In California, the standard continuum of substance-use treatment recognized by state licensing authorities follows ASAM levels of care: Level 0.5 early intervention, Level 1 outpatient, Level 2 intensive outpatient / partial hospitalization, Level 3 residential / inpatient, and Level 4 medically managed intensive inpatient. Patients are placed into the level that matches their withdrawal risk, biomedical status, emotional/behavioral conditions, readiness to change, relapse potential, and recovery environment — six dimensions that, together, define clinical appropriateness rather than insurance bias.
Federal authority for addiction treatment policy in California flows through SAMHSA (Substance Abuse and Mental Health Services Administration), which sets standards, maintains the national treatment locator, operates the 988 Suicide & Crisis Lifeline, and administers block grants to state agencies. CMS (Centers for Medicare & Medicaid Services) governs insurance coverage for federally funded programs. The DEA regulates controlled-substance prescribing — meaningful because medication-assisted treatment for opioid use disorder operates under specific DEA waivers and reporting requirements.

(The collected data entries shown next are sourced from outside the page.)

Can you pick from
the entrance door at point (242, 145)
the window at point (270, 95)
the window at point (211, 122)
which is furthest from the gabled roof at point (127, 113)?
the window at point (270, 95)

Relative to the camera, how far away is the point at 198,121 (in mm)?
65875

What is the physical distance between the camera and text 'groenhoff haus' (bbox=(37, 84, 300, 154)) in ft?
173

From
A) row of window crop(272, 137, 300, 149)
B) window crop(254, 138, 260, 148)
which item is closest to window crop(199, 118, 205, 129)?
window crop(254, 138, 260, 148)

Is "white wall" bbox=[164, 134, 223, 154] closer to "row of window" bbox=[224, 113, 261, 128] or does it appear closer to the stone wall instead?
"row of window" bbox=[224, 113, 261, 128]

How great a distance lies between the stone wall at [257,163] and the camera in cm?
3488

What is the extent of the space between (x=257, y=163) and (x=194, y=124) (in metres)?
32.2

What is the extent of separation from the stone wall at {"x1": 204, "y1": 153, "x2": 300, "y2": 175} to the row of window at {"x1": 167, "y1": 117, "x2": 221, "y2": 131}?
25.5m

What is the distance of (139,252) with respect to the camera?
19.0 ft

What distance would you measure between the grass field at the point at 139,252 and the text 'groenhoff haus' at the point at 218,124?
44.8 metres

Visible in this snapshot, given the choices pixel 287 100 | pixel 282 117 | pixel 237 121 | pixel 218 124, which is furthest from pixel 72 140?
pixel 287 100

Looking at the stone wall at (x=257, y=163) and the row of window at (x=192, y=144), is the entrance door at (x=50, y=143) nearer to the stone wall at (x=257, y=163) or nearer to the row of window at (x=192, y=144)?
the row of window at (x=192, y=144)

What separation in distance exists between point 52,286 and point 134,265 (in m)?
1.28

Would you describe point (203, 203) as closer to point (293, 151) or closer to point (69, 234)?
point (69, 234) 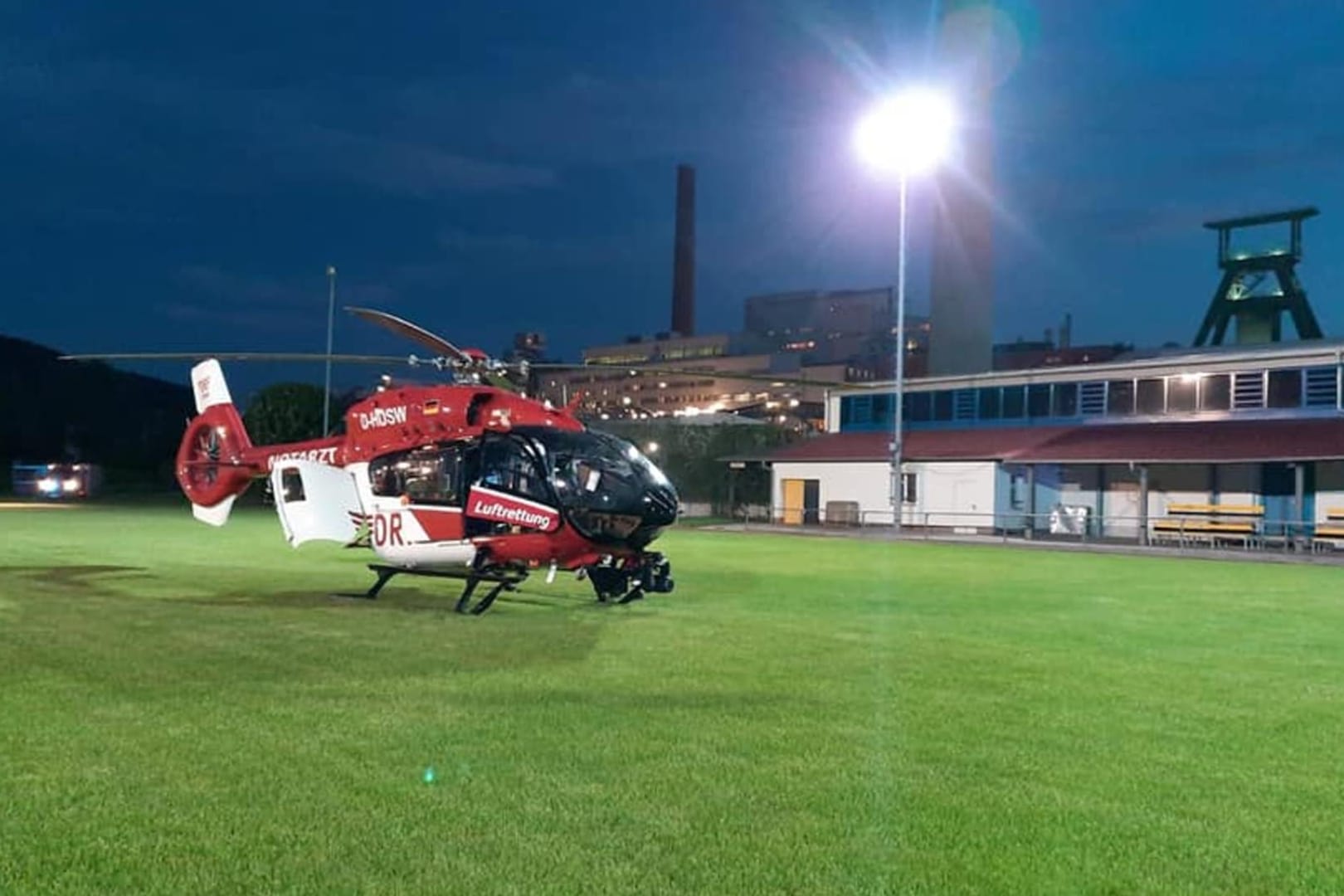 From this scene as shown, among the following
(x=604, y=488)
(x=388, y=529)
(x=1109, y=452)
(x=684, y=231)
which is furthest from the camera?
(x=684, y=231)

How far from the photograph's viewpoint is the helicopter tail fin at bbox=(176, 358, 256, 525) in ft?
57.1

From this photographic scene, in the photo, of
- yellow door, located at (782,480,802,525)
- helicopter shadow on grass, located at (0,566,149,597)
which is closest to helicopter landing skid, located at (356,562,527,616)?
helicopter shadow on grass, located at (0,566,149,597)

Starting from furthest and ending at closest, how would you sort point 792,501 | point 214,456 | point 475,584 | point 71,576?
point 792,501
point 214,456
point 71,576
point 475,584

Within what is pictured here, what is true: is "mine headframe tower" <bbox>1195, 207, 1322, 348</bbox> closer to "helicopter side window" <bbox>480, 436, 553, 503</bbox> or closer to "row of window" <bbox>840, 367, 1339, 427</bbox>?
"row of window" <bbox>840, 367, 1339, 427</bbox>

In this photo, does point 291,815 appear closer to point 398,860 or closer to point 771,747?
point 398,860

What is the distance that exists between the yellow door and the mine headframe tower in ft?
106

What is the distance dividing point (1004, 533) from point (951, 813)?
26.7 m

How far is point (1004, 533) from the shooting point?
3120 centimetres

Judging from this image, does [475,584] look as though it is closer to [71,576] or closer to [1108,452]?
[71,576]

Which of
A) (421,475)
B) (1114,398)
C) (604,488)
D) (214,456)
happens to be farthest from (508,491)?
(1114,398)

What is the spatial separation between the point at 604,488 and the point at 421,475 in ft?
8.49

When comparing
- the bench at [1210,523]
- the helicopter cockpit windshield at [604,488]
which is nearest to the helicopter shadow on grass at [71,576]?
the helicopter cockpit windshield at [604,488]

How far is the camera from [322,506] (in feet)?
48.3

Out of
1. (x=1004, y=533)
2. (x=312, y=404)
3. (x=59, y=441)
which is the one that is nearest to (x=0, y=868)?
(x=1004, y=533) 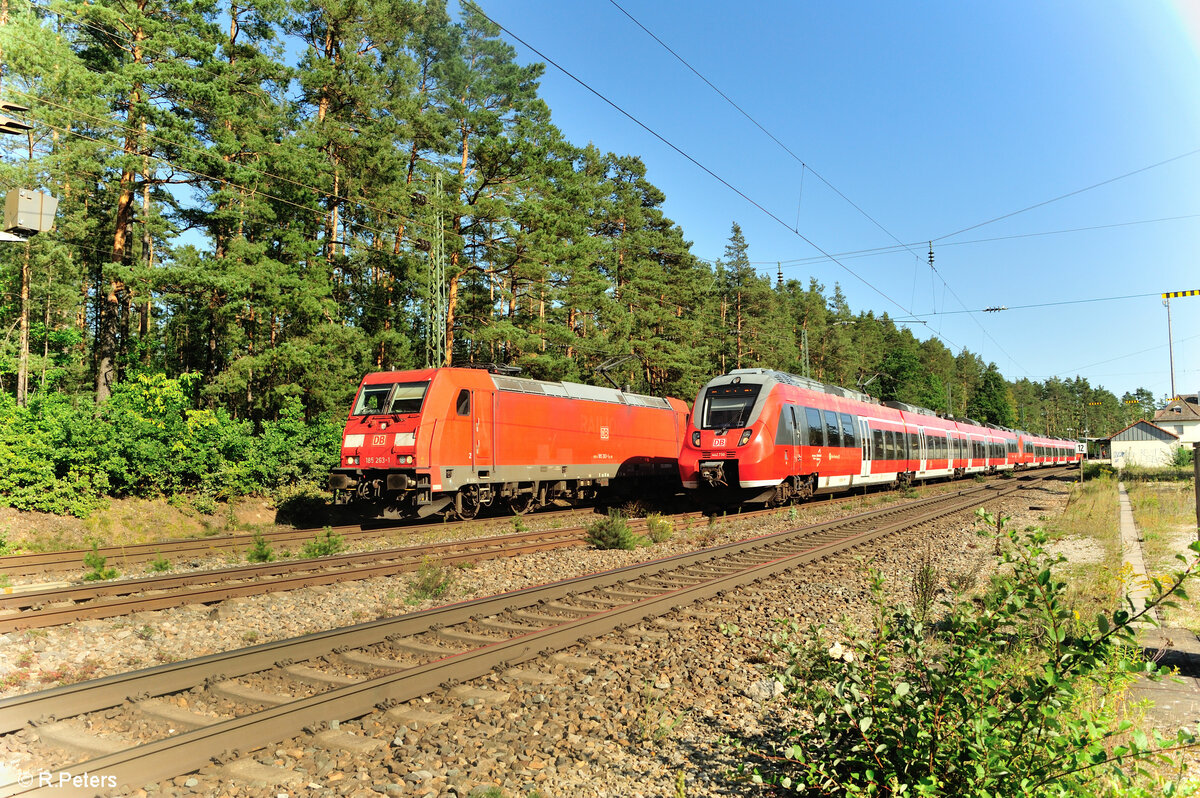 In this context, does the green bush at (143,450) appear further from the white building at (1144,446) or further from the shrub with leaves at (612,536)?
the white building at (1144,446)

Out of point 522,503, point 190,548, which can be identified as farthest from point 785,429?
point 190,548

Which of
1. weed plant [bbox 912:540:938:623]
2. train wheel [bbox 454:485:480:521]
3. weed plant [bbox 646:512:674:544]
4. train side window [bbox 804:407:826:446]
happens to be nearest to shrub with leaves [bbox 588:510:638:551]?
weed plant [bbox 646:512:674:544]

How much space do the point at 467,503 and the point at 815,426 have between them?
963 centimetres

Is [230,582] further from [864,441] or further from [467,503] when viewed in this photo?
[864,441]


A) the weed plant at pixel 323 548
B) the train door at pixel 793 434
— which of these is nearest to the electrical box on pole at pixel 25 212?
the weed plant at pixel 323 548

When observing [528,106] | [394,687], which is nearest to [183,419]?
[394,687]

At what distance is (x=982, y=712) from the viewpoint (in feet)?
9.51

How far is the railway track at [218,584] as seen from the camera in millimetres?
7730

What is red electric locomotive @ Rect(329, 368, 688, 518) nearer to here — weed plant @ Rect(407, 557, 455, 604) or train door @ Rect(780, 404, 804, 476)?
weed plant @ Rect(407, 557, 455, 604)

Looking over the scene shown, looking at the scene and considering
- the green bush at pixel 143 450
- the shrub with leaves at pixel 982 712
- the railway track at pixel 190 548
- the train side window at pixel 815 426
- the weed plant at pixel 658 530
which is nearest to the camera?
the shrub with leaves at pixel 982 712

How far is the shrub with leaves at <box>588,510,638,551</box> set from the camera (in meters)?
12.9

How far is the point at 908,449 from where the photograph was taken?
26.8m

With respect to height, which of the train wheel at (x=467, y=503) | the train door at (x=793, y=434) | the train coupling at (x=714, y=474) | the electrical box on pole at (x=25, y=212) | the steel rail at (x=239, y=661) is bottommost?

Behavioral therapies with the strongest evidence base in California include: cognitive-behavioral therapy (CBT) for relapse prevention; motivational interviewing (MI) for early-stage engagement; contingency management (CM) for stimulant use disorder; the Matrix Model for stimulants; community reinforcement approach (CRA) for engagement-resistant patients; and family-based interventions for adolescents. Each has specific use cases — no single modality fits every patient or substance. Comprehensive programs blend modalities based on individual treatment-plan needs.